I haven’t been having any success with medications for my Ulcerative Colitis issues. I’ve been in the ER a few times in the past few years for dehydration and low potassium from the diarrhea. The last time was right before Thanksgiving, I was admitted for 4 days and put on IVs for fluids and potassium while being monitored for my heart. I didn’t know that low potassium can cause heart defibrillation, so that was a little scary when they told me that they were putting me in the cardiac care unit. My doctor is starting to talk about surgery as my last option. I’m not sure I’m ready for that step. But then, I’m not sure I’ll ever be ready for that step. I saw a story from someone on this site who had Ulcerative Proctitis, which I also have along with colitis higher up in my colon. I saw that his doctor told him he had a good chance of getting cancer someday because of the Proctitis. Now THAT, scares me! I work with a woman who is about my age, 46 and I never would have known it, but she shared with me that she had her colon removed when she was 18 years old. It gives me a lot of hope when I see how great she looks and how she lives such an active life. She tells me that the J-pouch wasn’t even available when she had hers done.

I’d like to hear from people who have had the surgery and

are waiting for the J-pouch to be connected

or those who are already finished with the process.

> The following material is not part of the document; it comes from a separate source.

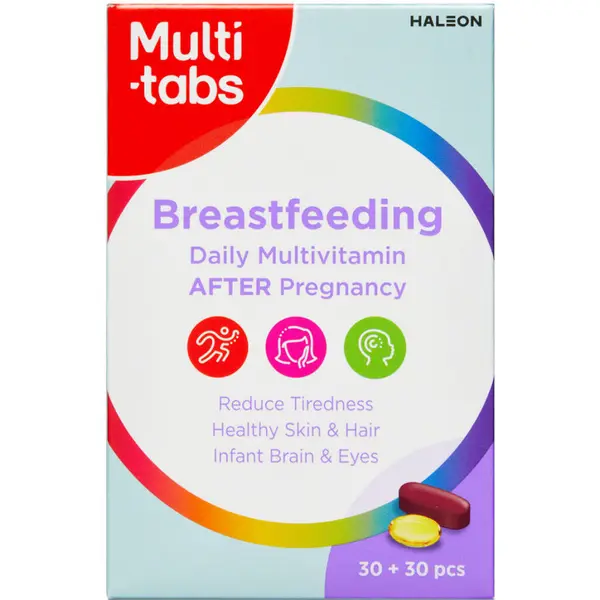Multi-tabs Breastfeeding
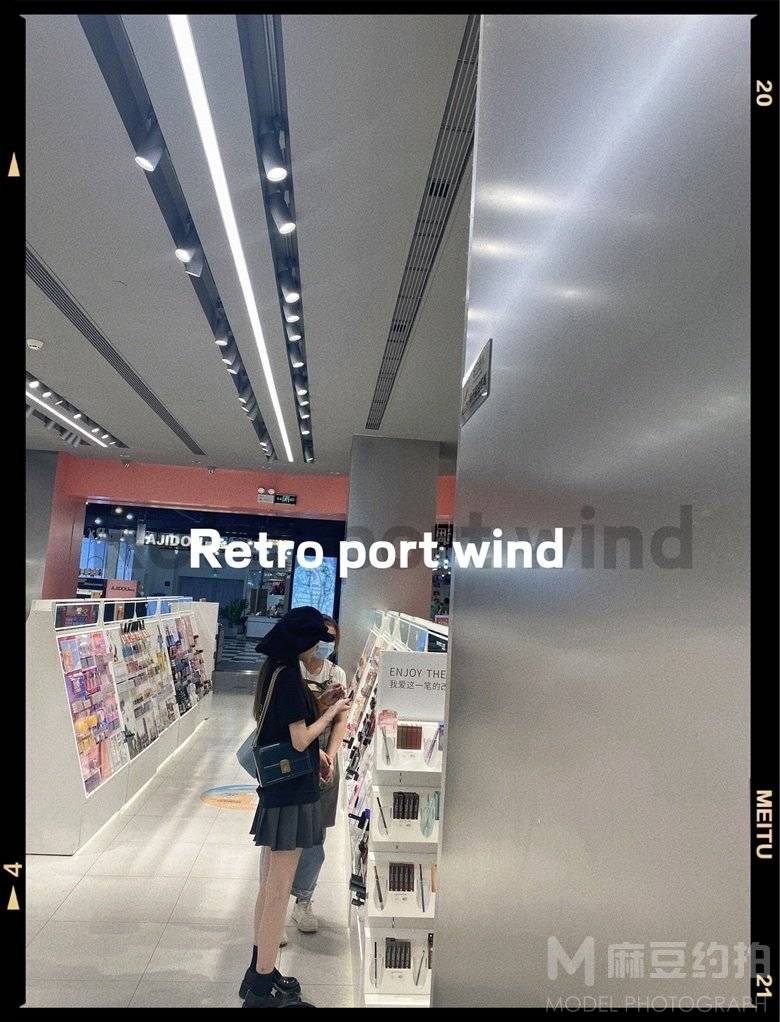 情侣模特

I’ve been seeing so many different opinions from people saying they either love or hate the pouch, I know everyone has a different experience and we all heal in our own way, but I’m looking for any advice I can find. Thanks for any input you can give!

written by Katie

submitted in the Colitis Venting Area


11 thoughts on “Am I Ready For Surgery? J-Pouch or Not?”

  1. Katie, I am 56. diagnosed with UC at 17, got an S pouch at 27 (precurser to the J pouch). Was pre-cancerous and exhasuted from 10 yrs of symptoms. I say do it sooner rather than later. It’s touch on your body and mind so do it while you are still young.

  2. Hey Katie, sucks to hear things aren’t going so smoothly. I had my colon removed this past September and going in for part two in May of 2012. My doctor decided to do it in two steps rather than the normal three since I was able to gain so some strength and health back right before the surgery day. But anyways while I wait for part two, life has been a complete 180 compared to having UC. I mean I am running, cycling, and living life. Its been amazing. I have had a “bag” for 3 months now and really don’t think about it ever. It has become second nature to me now. I have been able to just be free and have a life again, eat anything and mostly everything. I hope you find your answer soon and get back to being healthy and happy.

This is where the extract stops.